::: PROVIDED DATA :::

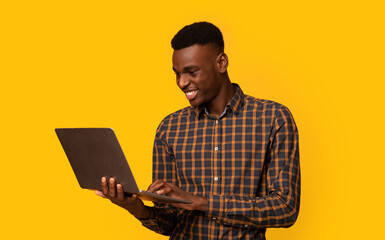 Freelance Work. Portrait Of Smiling African American Guy Using Laptop While Standing Isolated Over Yellow Background, Black Millennial Guy Working Online, Enjoying Remote Job Opportunities, Copy Space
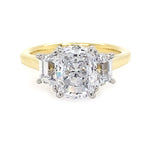 18K yellow gold ring with cushion cut center diamond and smaller trapezoid diamonds on the sides against a white background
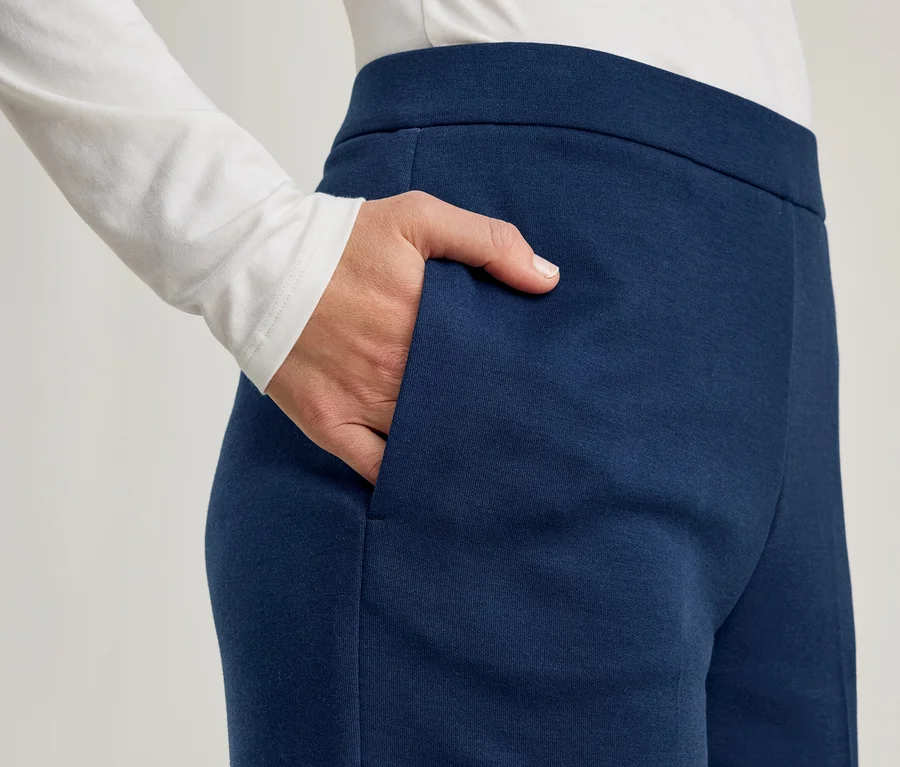 Une personne portant un haut blanc à manches longues et un pantalon bleu foncé, avec sa main droite placée dans la poche du pantalon.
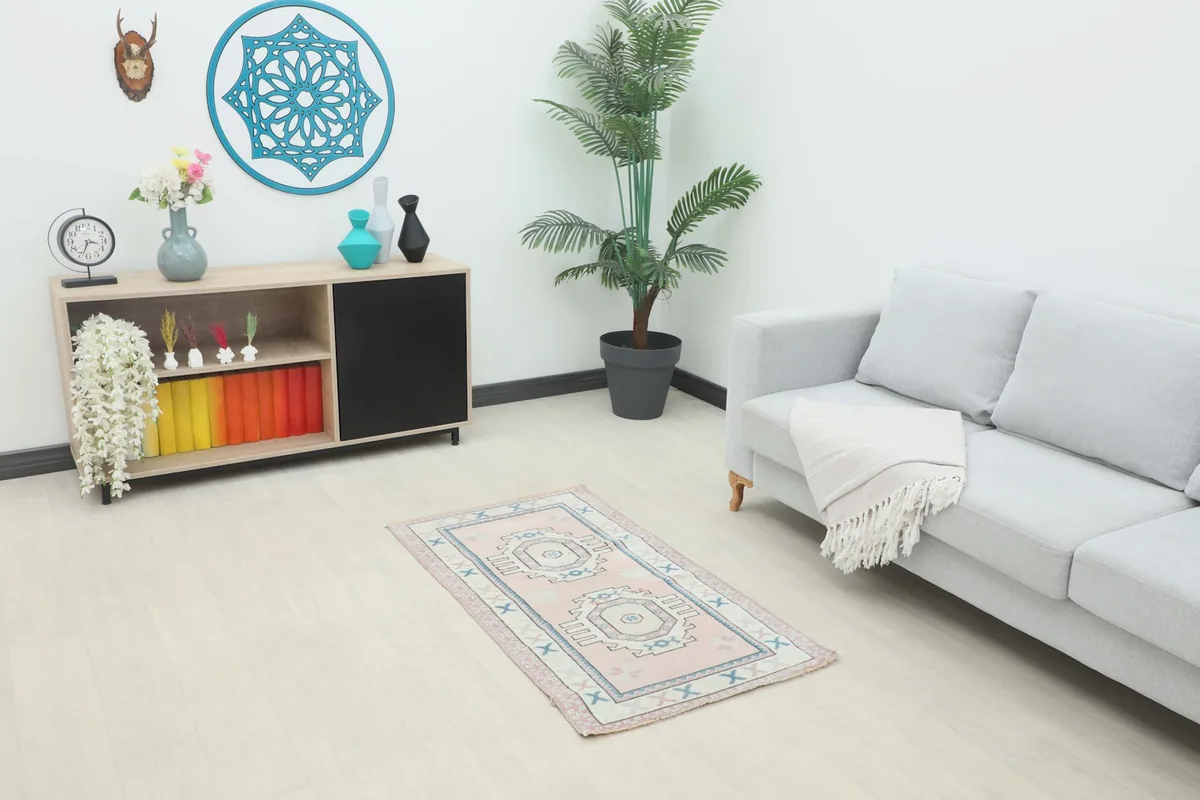 Pink vintage rug placed in a living room setting with a light gray sofa and wooden cabinet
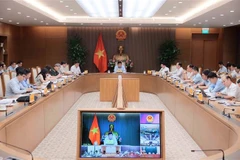 Deputy Prime Minister Nguyen Chi Dung chairs the first meeting of the inter-agency task force for coordinating smart city construction and development in Hanoi on July 16. (Photo: VNA)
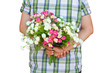 Romantic man giving flowers to his girlfriend Romantic man giving flowers to his girlfriend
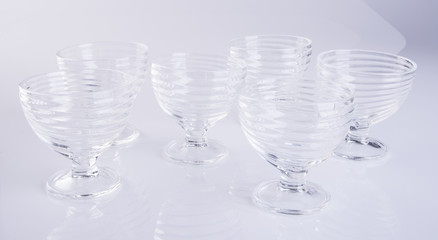 glass cup or empty glass mug on background.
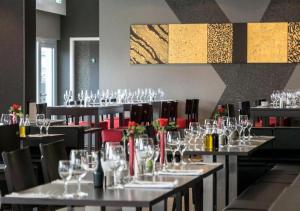 ein Esszimmer mit Tischen und Stühlen mit Weingläsern in der Unterkunft Boutique Hotel Bellevue Rheinfelden / Basel in Rheinfelden
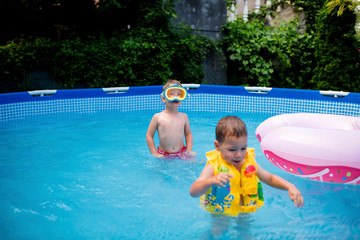 Little boys with having fun in pool at back yard
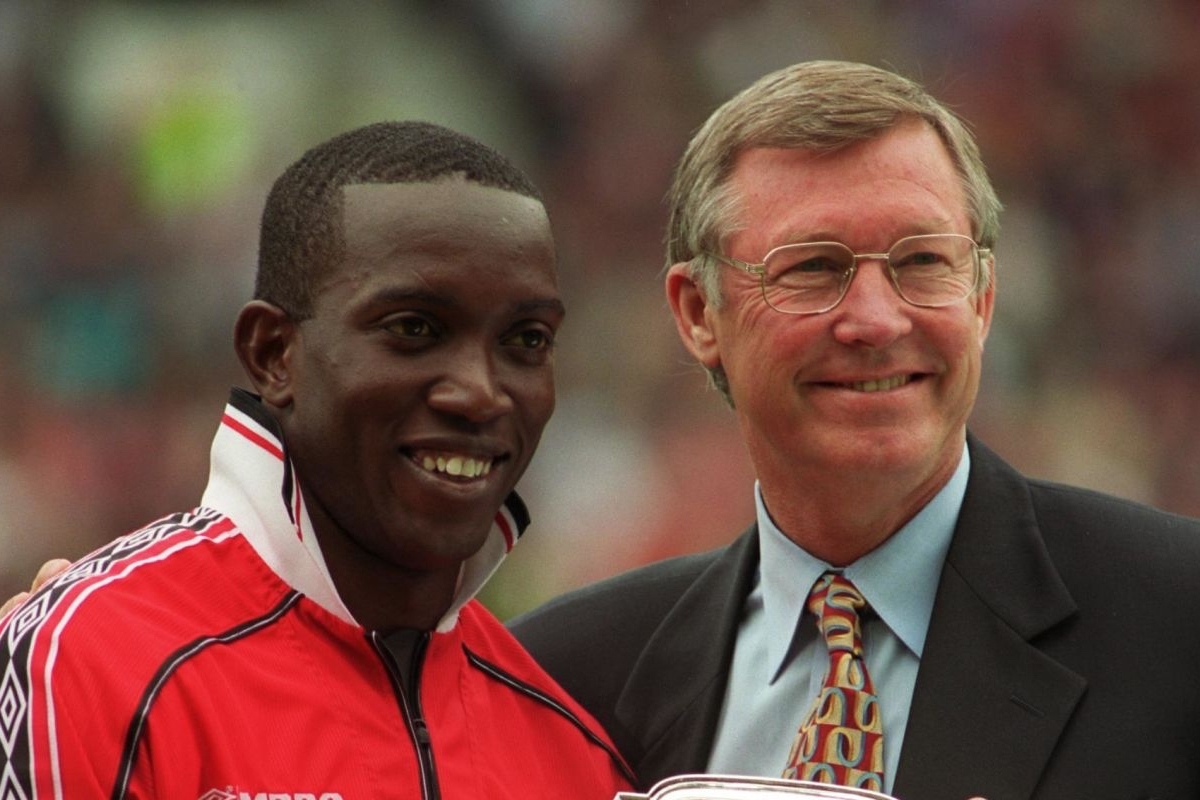Manchester United manager Alex Ferguson (right) presents Dwight Yorke (left) with the club's Player of the Year award (Photo by Neal Simpson/EMPICS via Getty Images)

:::

PROBLEM TO WORK ON. Only one stretch of the material above is wanted: the line containing "Une personne portant" through the line containing "Deputy Prime Minister". Restate it word for word, minus the pictures.

RESULT OF THIS TASK.
 Une personne portant un haut blanc à manches longues et un pantalon bleu foncé, avec sa main droite placée dans la poche du pantalon.
 Pink vintage rug placed in a living room setting with a light gray sofa and wooden cabinet
 Deputy Prime Minister Nguyen Chi Dung chairs the first meeting of the inter-agency task force for coordinating smart city construction and development in Hanoi on July 16. (Photo: VNA)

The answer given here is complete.